The Movement for Socialism (MAS), the governing party of Bolivia, called upon Morales' supporters to defend him.

The Catholic Church in Bolivia said this was not a coup and Pope Francis asked for "peace and serenity". On 18 Dec, Osvaldo Chirveches, Jesuit priest and president of the Conference of Religious of Bolivia observed that "Bolivia is beginning to move and show more positivism. Given the current situation with the recent change of government there are discordant voices and opinions found but we hope that the elections called will mark a new horizon". On 7 January 2020, the Archbishop of El Alto, Eugenio Scarpellini, said that "Those that promote violence cannot become figures of authority". This was in response to statements made by Andrónico Rodríguez, a leading MAS figure and close associate of Morales, suggestion of a return to violence after the 22 January, the day which the new President would have been installed.

In a poll commissioned by the Bolivian NGO group Red UNITAS conducted by Ipsos MORI released on 10 September 2020, 73% of the respondents believed there had been fraud in the 2019 elections, while on the question on whether they believed there had been a coup d'etat, 39% answered yes, while 58% answered no. 83% of the answered yes when asked if the crisis originated from the 2016 Bolivian constitutional referendum on whether to allow Morales further terms.

== International ==
Several American governments and other countries and organizations responded to the resignation; some supported Morales and others were supportive of new elections without him.

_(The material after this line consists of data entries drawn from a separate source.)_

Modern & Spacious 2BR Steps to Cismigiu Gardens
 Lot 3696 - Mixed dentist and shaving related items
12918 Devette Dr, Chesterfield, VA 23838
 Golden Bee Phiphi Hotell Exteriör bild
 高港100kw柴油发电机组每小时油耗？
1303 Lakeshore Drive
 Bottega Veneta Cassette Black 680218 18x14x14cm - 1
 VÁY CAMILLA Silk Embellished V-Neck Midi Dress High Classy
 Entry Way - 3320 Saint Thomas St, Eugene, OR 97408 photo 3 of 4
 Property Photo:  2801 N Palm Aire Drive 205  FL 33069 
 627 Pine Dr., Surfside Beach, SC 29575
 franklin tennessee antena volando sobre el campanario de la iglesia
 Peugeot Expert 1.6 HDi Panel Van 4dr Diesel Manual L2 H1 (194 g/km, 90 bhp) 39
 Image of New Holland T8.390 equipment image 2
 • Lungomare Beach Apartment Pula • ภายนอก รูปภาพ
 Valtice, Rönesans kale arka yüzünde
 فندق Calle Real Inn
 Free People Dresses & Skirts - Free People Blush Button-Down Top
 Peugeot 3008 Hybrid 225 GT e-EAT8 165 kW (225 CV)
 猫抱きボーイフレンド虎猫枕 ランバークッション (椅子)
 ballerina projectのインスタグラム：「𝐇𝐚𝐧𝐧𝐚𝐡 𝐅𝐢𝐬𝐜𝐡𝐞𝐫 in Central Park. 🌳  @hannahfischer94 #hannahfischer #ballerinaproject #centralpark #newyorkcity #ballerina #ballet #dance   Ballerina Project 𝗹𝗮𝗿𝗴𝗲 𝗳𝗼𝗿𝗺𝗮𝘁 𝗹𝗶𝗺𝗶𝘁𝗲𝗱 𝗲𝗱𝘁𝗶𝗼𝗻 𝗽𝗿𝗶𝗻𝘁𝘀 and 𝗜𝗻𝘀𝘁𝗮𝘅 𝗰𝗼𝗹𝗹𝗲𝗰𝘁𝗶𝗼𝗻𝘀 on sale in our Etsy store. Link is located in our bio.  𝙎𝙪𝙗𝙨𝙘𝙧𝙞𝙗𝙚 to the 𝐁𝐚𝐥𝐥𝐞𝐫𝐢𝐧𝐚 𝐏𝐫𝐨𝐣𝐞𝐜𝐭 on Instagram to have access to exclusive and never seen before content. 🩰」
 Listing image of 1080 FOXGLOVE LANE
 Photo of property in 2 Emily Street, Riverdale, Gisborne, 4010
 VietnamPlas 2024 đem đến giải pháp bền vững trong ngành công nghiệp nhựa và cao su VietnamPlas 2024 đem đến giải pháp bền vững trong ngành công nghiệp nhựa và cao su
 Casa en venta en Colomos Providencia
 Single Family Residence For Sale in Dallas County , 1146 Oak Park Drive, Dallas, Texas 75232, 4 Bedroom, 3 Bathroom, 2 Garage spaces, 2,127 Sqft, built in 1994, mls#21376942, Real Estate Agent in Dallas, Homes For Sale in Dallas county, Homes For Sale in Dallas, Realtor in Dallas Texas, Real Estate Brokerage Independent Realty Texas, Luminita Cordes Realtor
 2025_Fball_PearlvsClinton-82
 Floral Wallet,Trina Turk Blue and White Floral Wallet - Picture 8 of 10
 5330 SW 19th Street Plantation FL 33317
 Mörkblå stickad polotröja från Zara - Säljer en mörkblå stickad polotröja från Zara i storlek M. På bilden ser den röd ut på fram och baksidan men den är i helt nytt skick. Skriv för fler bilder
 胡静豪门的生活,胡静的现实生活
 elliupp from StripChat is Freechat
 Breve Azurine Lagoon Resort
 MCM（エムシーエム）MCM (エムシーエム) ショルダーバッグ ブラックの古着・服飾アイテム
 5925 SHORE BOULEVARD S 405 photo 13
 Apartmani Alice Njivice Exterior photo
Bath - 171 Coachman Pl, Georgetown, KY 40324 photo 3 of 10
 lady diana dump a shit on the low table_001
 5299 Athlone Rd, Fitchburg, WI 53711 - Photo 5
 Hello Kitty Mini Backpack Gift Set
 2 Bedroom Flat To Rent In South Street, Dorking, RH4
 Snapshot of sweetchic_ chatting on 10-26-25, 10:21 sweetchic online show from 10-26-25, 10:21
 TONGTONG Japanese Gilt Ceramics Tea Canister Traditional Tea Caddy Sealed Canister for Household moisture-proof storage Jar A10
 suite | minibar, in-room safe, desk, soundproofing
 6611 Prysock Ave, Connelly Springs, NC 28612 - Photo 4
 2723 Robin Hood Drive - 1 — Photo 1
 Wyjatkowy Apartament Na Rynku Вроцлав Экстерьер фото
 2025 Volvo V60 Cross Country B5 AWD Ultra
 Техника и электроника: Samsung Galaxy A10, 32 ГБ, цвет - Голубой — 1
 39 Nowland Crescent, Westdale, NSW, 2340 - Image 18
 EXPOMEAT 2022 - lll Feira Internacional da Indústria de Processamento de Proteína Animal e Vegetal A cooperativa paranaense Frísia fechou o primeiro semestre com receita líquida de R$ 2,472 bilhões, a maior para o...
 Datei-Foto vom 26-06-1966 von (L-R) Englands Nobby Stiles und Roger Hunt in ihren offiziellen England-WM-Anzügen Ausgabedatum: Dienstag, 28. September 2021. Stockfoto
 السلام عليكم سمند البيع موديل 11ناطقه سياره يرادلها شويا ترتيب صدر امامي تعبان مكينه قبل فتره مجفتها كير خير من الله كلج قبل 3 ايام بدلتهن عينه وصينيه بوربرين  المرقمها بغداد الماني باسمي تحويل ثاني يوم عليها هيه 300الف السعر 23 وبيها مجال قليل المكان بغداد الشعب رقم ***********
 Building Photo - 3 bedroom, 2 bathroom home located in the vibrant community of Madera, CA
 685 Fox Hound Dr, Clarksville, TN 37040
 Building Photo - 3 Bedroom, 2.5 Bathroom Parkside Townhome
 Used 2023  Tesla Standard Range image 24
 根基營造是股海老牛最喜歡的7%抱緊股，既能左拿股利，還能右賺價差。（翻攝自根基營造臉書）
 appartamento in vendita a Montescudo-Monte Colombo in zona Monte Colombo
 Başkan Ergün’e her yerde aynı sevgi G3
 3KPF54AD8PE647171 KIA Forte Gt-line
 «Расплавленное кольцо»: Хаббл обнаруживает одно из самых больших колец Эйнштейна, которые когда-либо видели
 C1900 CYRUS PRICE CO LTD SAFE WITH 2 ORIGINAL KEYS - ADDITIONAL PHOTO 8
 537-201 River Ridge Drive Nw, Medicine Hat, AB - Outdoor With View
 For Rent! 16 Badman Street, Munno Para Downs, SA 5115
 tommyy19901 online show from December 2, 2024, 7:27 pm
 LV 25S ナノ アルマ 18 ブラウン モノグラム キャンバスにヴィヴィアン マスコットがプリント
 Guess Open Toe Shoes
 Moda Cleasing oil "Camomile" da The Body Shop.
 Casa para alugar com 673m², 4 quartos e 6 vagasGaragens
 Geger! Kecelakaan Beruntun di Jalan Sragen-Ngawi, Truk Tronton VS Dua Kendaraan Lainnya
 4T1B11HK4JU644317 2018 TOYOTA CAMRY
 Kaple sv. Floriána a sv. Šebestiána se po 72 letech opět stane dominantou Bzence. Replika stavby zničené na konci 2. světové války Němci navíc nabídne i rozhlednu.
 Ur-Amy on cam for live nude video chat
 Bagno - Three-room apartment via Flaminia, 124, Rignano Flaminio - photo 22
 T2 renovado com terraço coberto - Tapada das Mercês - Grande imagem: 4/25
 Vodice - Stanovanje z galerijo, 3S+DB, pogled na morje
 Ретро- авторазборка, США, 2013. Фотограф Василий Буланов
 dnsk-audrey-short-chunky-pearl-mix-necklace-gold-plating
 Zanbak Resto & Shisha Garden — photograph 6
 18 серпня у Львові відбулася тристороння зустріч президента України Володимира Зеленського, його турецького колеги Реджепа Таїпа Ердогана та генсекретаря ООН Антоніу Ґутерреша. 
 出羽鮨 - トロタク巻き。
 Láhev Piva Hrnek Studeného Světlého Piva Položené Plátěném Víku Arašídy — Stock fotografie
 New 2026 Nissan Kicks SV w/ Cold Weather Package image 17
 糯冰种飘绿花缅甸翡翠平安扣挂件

===Supranational bodies===
- European Union – EU Foreign Policy Chief Federica Mogherini urged restraint and asked the parties to "lead the country peacefully and quietly" to new elections. On 21 December, the Technical Mission of Electoral Experts sent by the European Union published a 67-page report made similar observations and conclusions to that of the OAS. They noted that "there were minutes with an unusually high number of null votes, blank votes and a hundred percent participation of voters in a series of polling stations" and highlighted the general failure of the TSE to declare these irregularities.
- United Nations – On 11 November 2019, the UN Secretary-General António Guterres expressed concern at the situation and urged the parties to "refrain from violence" and exercise "maximum restraint". On 13 December 2019, the UN welcomed a later agreement (known as the Law of Guarantees) made between the interim government and both chambers of government where Morales' MAS party hold majorities. Guterres commented that the "implementation of this law should pave the way for a greater normalization of the situation in the country and the holding of transparent, inclusive and credible elections." On 15 January 2020, Jean Arnault, the envoy of the Secretary General in Bolivia, applauded the decision of the Plurinational Constitutional Court to extend the mandate of the interim government until 22 July 2020 in order to facilitate elections while at the same time stressing "it is essential to give up any violent action or threat of violence. In this context, the Personal Envoy joins the rejection expressed by many national actors to the recent declarations of Mr. Evo Morales.” Evo Morales had suggested the formation of "armed militias" like in Venezuela.
- Socialist International - On 3 January 2020, at a meeting of the Committee for Latin America of Socialist International, it was declared that they accepted the findings of the OAS and that Morales was not a victim of a coup. A document containing discussions of the Bolivian political crisis states that "“After a broad mobilization of citizens in that country in protest of electoral fraud that was informed and verified by an audit conducted by the Organization of American States (OAS) of the elections that took place on October 20, the president Evo Morales did not suffer a coup d'etat.” The SI document states that the new situation in Bolivia “today entails enormous possibilities for Democrats for the full recovery of democracy and the installation of the values of pluralism, alternation and accountability by the authorities. "
- Organization of American States - On 5 December, the OAS published a 95-page report along with 500 pages of corroborating details as appendices. These included that an outside user who controlled a Linux AMI appliance with "root privileges" — conferring the ability to alter results — accessed the official vote-counting server during the counting and that in a sample of 4,692 returns from polling stations around the country, 226 showed multiple signatures by the same person for different voting booths, a violation of electoral law. On those returns, 91 per cent of votes went to MAS, approximately double the rate recorded elsewhere.
- Inter-American Commission on Human Rights - On 10 December the IACHR released a preliminary report investigating possible human rights violations during the crisis stating that there were "strong indications of human rights violations, with profound repercussions for the life of Bolivian society". Bolivia's interim government disputed the report, but expressed its willingness for an international investigation to look further into the acts of violence and human rights violations, and to establish who is responsible for them. On 12 December, an agreement was made to form an investigatory committee composed of four high-level technical professionals with abundant experience in the protection of human rights with these experts appointed by the IACHR. They were promised access to the records of "all criminal investigations and cases opened in this context, to public government reports on these events, and to all facilities, infrastructure, resources, and means necessary for [the committee] to do its job, as well as all security measures needed, in keeping with Bolivia’s legislation."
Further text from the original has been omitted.